Not for Mitt. He would not be the hero in that story. America cannot be action, people, place; that would ask far too much of him.  It must be an idea, so that the passing of a thought from ear to ear will count for honor.

“This is a very fragile thing,” he admits of these democratic dreams. “Authoritarianism is like a gargoyle lurking over the cathedral, ready to pounce.” The senator no doubt has little time for ancient superstitions, but the image he chooses is compelling, unexpected.

The legend of St. Romanus and la Gargouille is likely apocryphal, but like all the tales of medieval hagiography it must contain a large kernel of truth. As the story goes, a great dragon—la Gargouille—had plagued the town of Rouen for four years, killing its people and ravaging its crops. Romanus, a young priest educated at the court of the Frankish king, had just been appointed bishop of Rouen, and arrived to find his see almost completely devastated. The townspeople explained that the dragon, lurking just across the river, would cross to hunt the vulnerable and pillage what he could. Their leaders all were either dead or impotent with fear.

Romanus was a bishop and a nobleman to boot. He understood his duty: to protect his flock, he would slay the dragon. He knew that the Lord would provide, but he asked for one of the surviving townsmen to join him on his mission. (Trust in God, our Mohammedan friends remind us—but tie your camel.) Nobody would come. That a terrible fate at the dragon’s hands was certain if they did not go seems not to have crossed their minds.

In the end, Romanus took the only companion he could find: a man condemned, awaiting execution. His crimes are lost to history, but they likely would have been graver than giving advice on election law. The prisoner—like so many silent figures in the history of salvation, we do not know his name—was offered his life and freedom in the event he survived the journey.
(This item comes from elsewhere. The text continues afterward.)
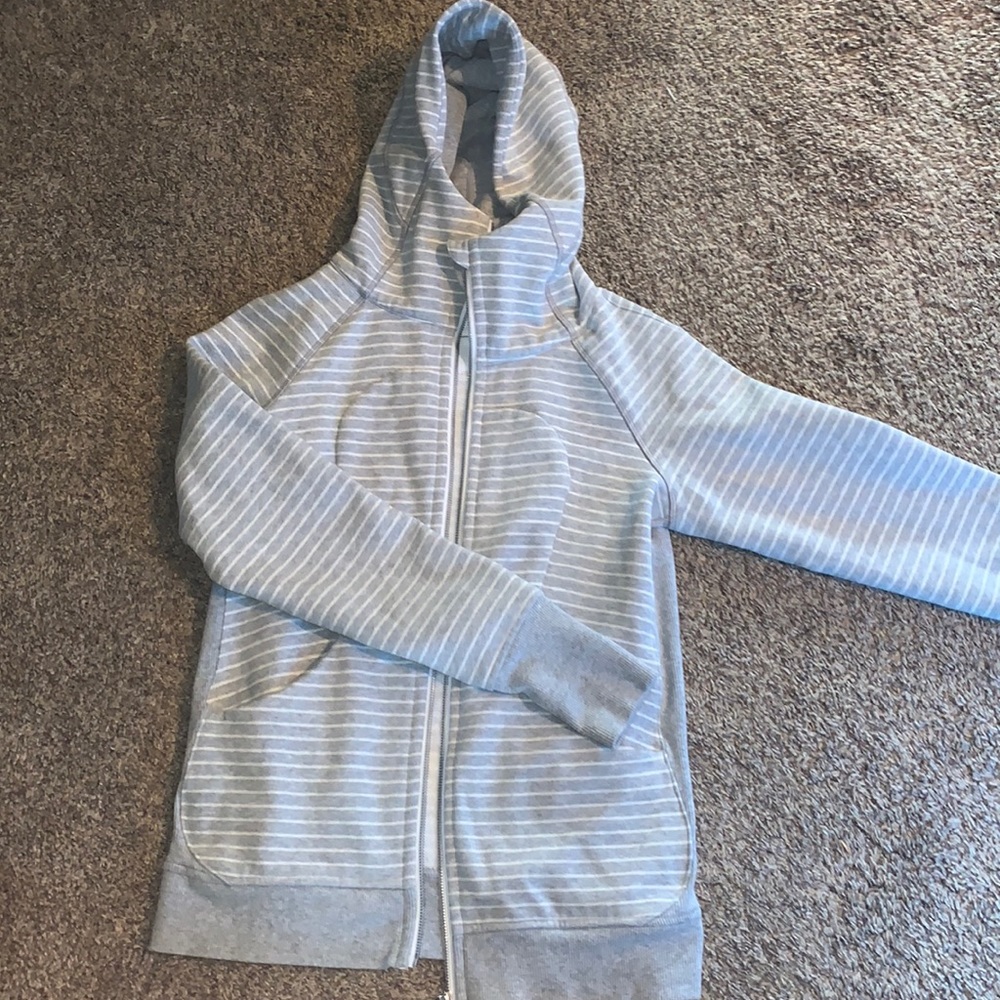 Lululemon scuba zip hoodie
The men approach. The prisoner is terrified. (In some versions he is a courageous volunteer; in others he is conscripted.) When the moment comes, he is astonished at its ease. All Romanus does is to present a cross—in some versions solid gold, in others a movement of his hand on the creature’s head—and the dragon is subdued. He leads him back to Rouen on a makeshift leash, where the townspeople have the captive monster burned.

There is something strange when the flames subside. The body is gone, but amid the ash the head remains unblemished. Maybe they try again: stoke the fire, pile fuel. Nothing touches it. Soon, Romanus and his just-gained flock understand the miracle. They hoist the unburned head above the entrance of their church. The superstitious among them say the relic will ward off danger. It is gruesome, but it is fitting. The Lord loves to invert symbols: the tree, the cross; flood water and baptismal font.

That is the meaning of the “gargoyle lurking over the cathedral, ready to pounce”—not a threat to the church or those inside (why would a Christian builder put him there?) but a terrible force of nature seized, sanctified, set up as a warning of just vengeance: a sign of the power of heaven. At the very thought Mitt Romney is perturbed. Retirement will suit him; he can do less damage there.

The challenge remains in spite of him; across the river, a dragon stirs.